The RODIN researchers have tested this capacity by generating the ‘nearest neighbors’ for a series of avatars (seen in the image below). If the system had become subject to memorization (a form of overfitting), the adjacent images to the avatars would be ‘variations’ on them; but as we can see, the nearest neighbors are very diverse indeed:
CLIP, CFG and Editability
To allow the end-user to make text-based adjustments to generations, the researchers have used OpenAI’s CLIP (Contrastive Language-Image Pre-training) system. CLIP equates images and derived features with related text, so that it’s possible to use natural language to create or alter images.
The same mechanism allows RODIN to create avatars out of thin air by simple description:
The CLIP encoder used is ‘frozen’, which means that it will render decisions that are unaffected by its position in workflows that may be gaining information from new data, but rather provides a fixed outcome based on its own prior training. Used centrally in OpenAI’s DALL-E 2, CLIP is a core feature in latent diffusion models.
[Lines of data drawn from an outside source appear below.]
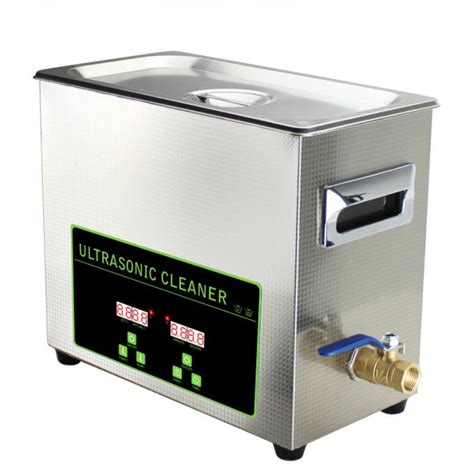 150W Benchtop Ultrasonic Dental Instrument Cleaner 6.5L Small Digital Ultrasonic Cleaner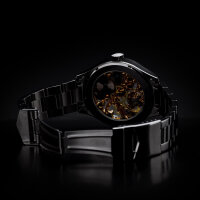 Skeleton Watch Unisex Mechanical Caliber 3602 Molnija Hand-Decorated Gold Plated
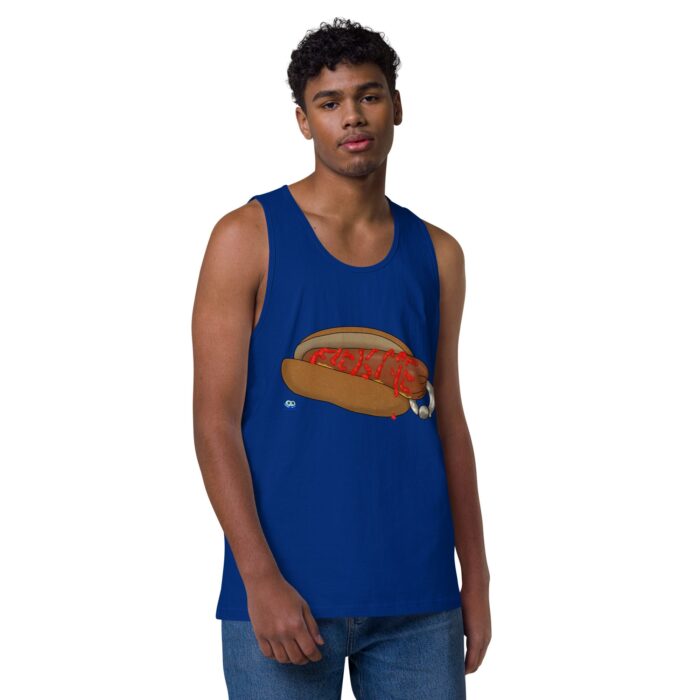 Men’s premium tank top - Real Bad Hotdog - Image 6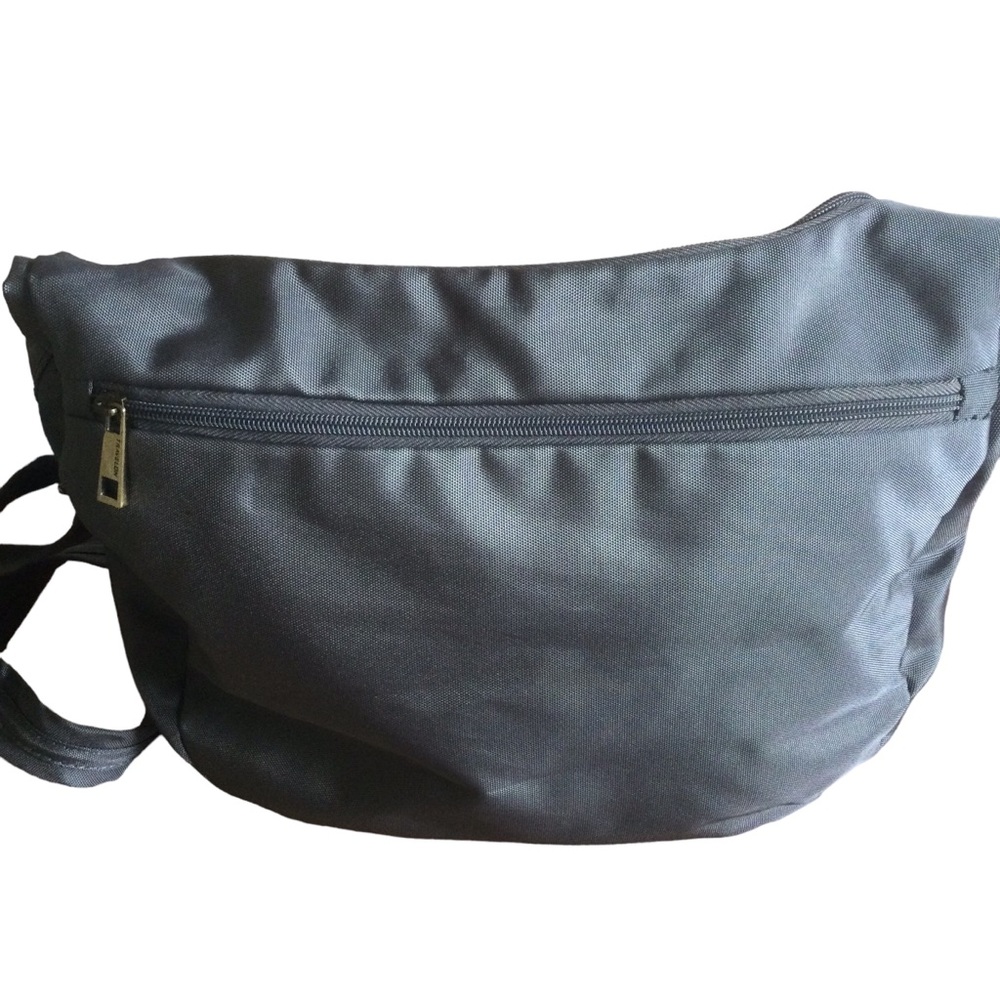 Travelon Gray Anti-Theft Nylon Crossbody Bag - Picture 3 of 16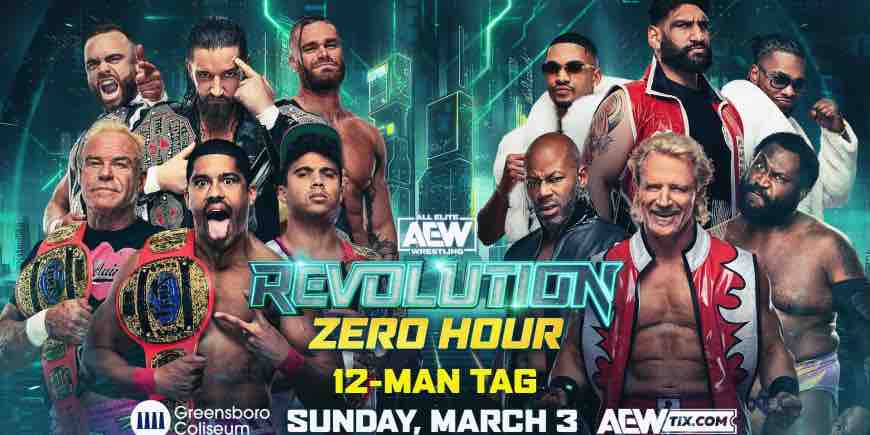 Big 12-Man Tag Match Added To AEW Revolution Zero Hour, lineup for the PPV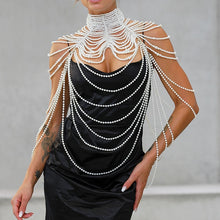 Load image into Gallery viewer, Pearl Shawl Necklaces Body Chain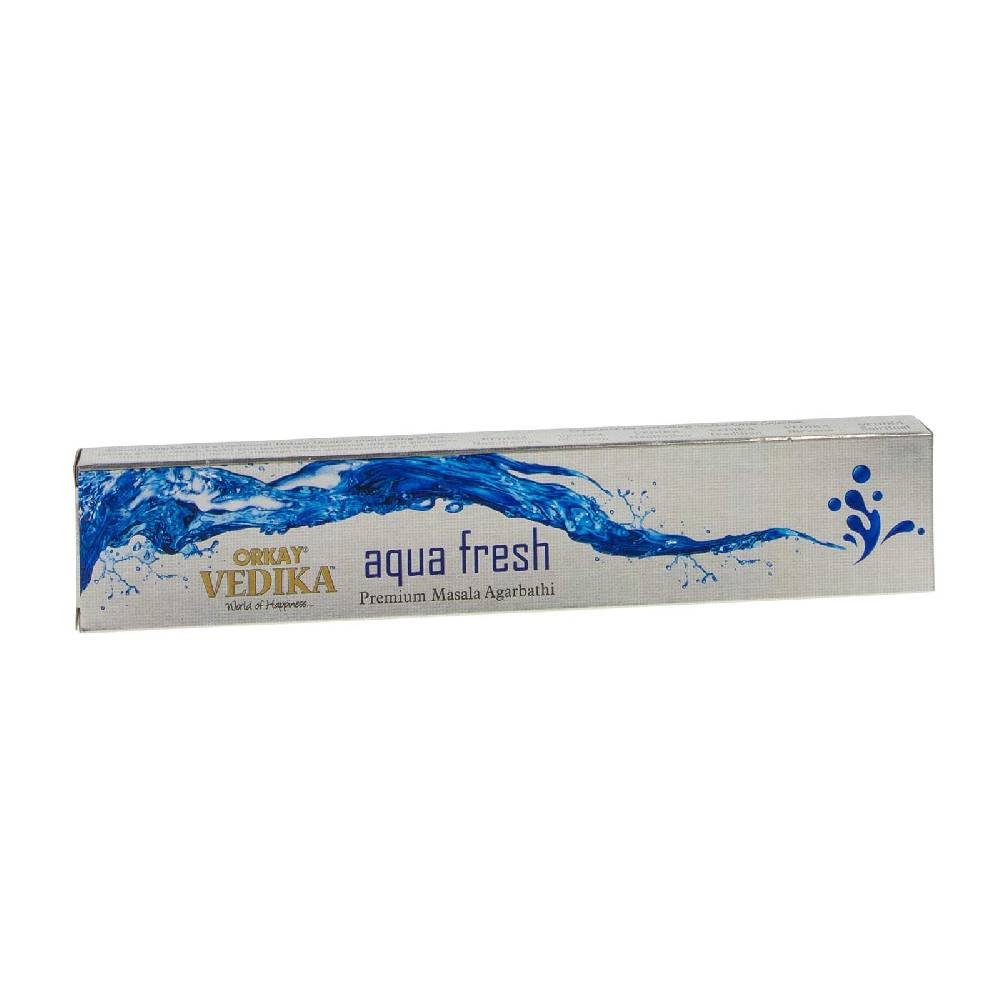 Kunst Und Magie Vedika Auqafresh von Orkay Premium Masala Agarbatti Räucherstäbchen 12er Großpackung Online Outlet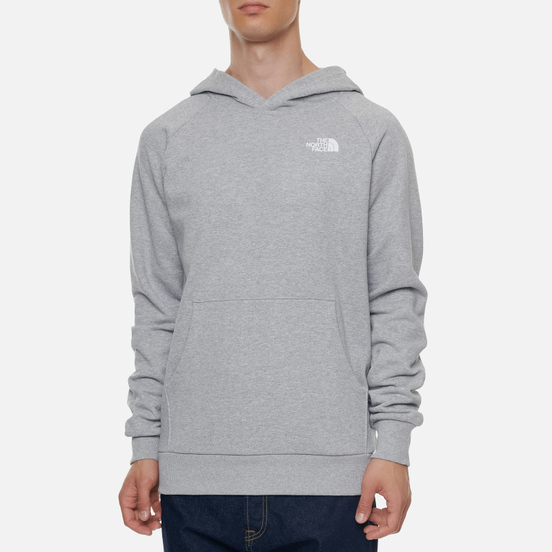 Мужская толстовка The North Face Raglan Red Box Hoodie TNF Light Gray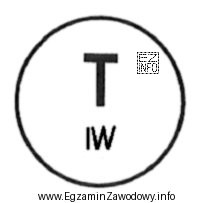 Znak weterynaryjny umieszczony na tuszy po wewnętrznej stronie ud 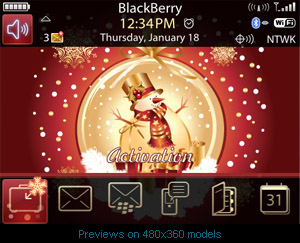 Christmas Holidays v1.3.0 for blackberry themes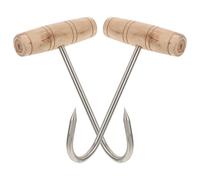 2 Pcs T Gancio Per Carne Da Macello in Acciaio Inossidabile Inossidabili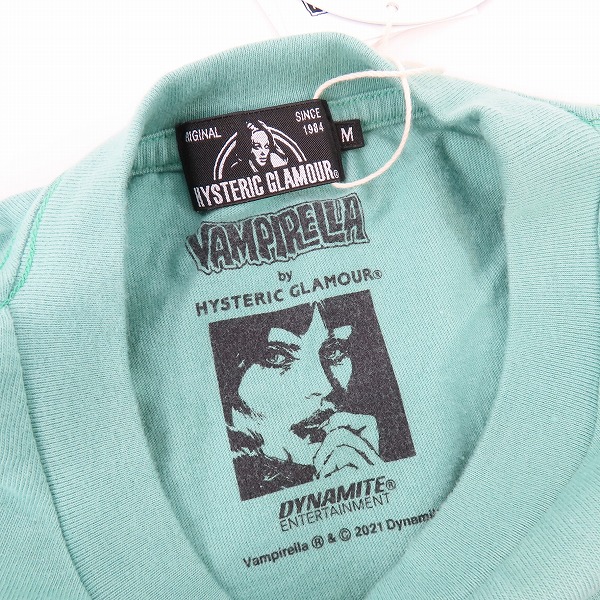 実際に弊社で買取させて頂いた【未使用】HYSTERIC GLAMOUR/ヒステリックグラマー VAMPIRELLA CARNIVAL OF THE DAMNED Tシャツ 02211CT40/Mの画像 2枚目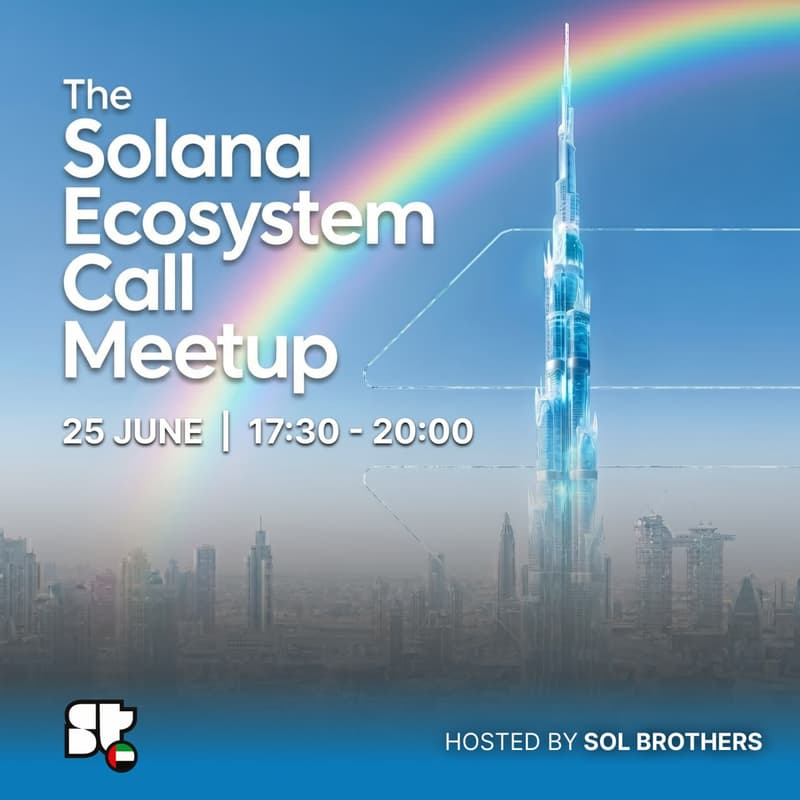 Cover Image for Superteam UAE: Solana Ecosystem Call Meetup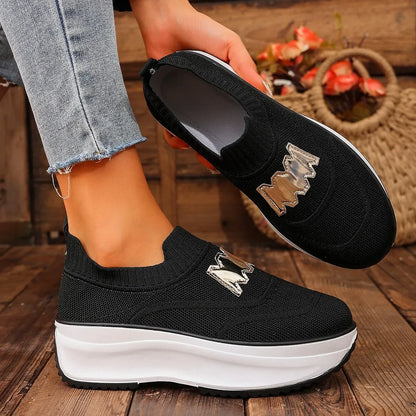 Primavera otoño zapatos planos de fondo grueso Color puro corte bajo talla grande deportes de moda zapatos individuales casuales de mujer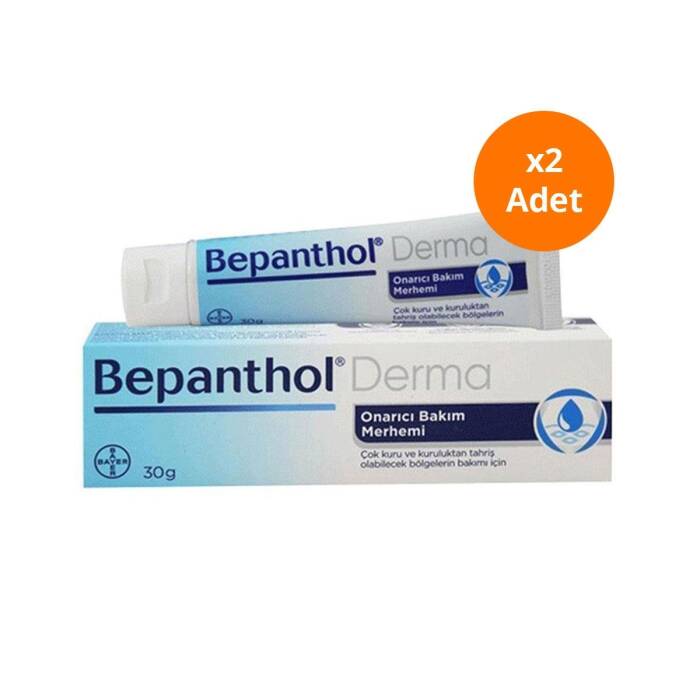 Bepanthol Derma Onarıcı Bakım Merhemi 30 gr x 2 Adet - 1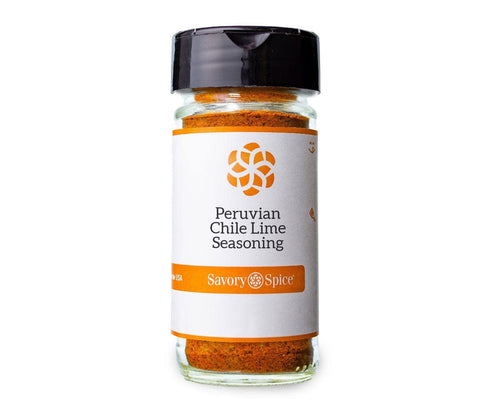 Savory Spice Peruvian Chile Lime Seasoning - Blend of Yellow Chilis, Lime & Peruvian Spices | Use to Season Chicken, Beef, Fish, Fruits, Vegetable...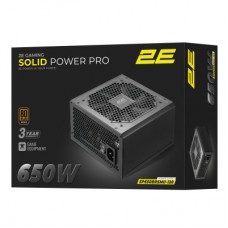 Блок живлення 2E 650 W Solid Power Pro ATX3.1 GEN5.0 (2E-SP650BRSMII-120) - Фото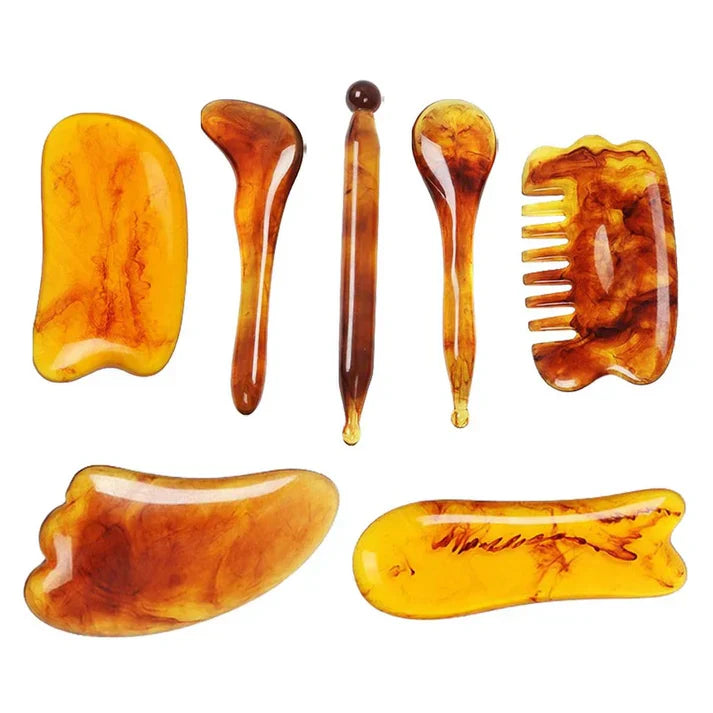 Exklusivt 7-delat Gua Sha-massageset för Ansikte och Kropp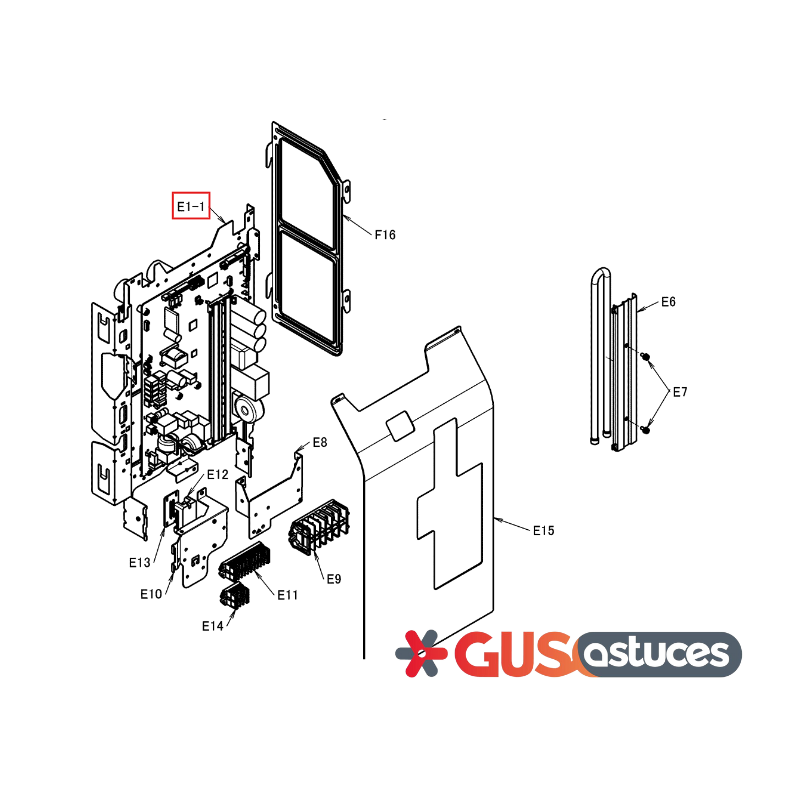 Platine 5034687 Daikin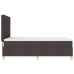 Estructura de Cama Box Spring Marrón Oscuro Tela 160 x 200 cm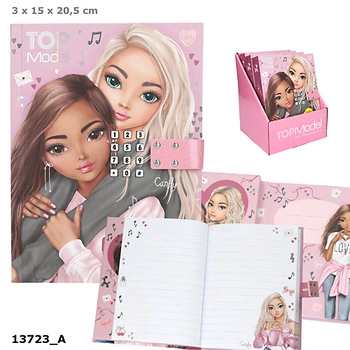 Pamiętnik na kod grający Top Model Me BFF 13723A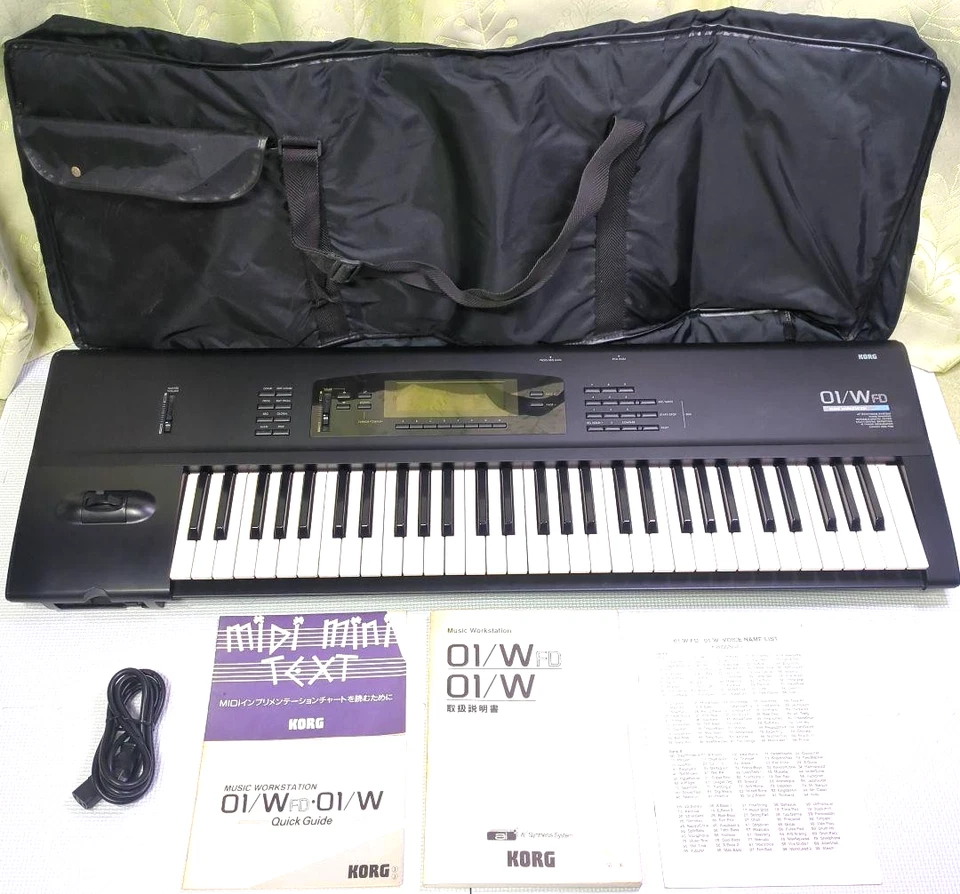 KORG 01/W FD Music Workstation Synthesizer Made in Japan JP - Image 1 of 4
CFG allows the user to boost the fidelity of the generative system by forcing it to adhere to the user’s text prompts, and restricting its ability to freely interpret the submitted text. The flipside of this useful feature is that as the amount of CFG is increased, the quality of the output is likely to become more taut, stylized, or even to begin to tear and notably degrade (see our article on full-body deepfakes for examples). Used with restraint, however, CFG allows the user to strike a balance between accuracy of interpretation (i.e., fidelity to the prompt) and authenticity of the result.
In a qualitative ablation study test, the RODIN researchers found that removing CFG had a deleterious effect on output:
The diffusion model used by RODIN makes use of the U-Net model employed in OpenAI’s Guided Diffusion research. The diffusion model was trained with the AdamW optimizer at a batch size of 48 and a learning rate of 5-e5, while the upsampling diffusion model was trained similarly, but on a batch size of 16.
The base diffusion model used 1,000 steps (i.e., the number of times that it iterates over the training data), while the upsampling model used 100 steps, with a linear noise schedule.
For inference, both models used 100 diffusion steps (somewhere between 75-150 is a common range for inference). All the tests were performed on NVIDIA Tesla V100 GPUs with 32G of VRAM.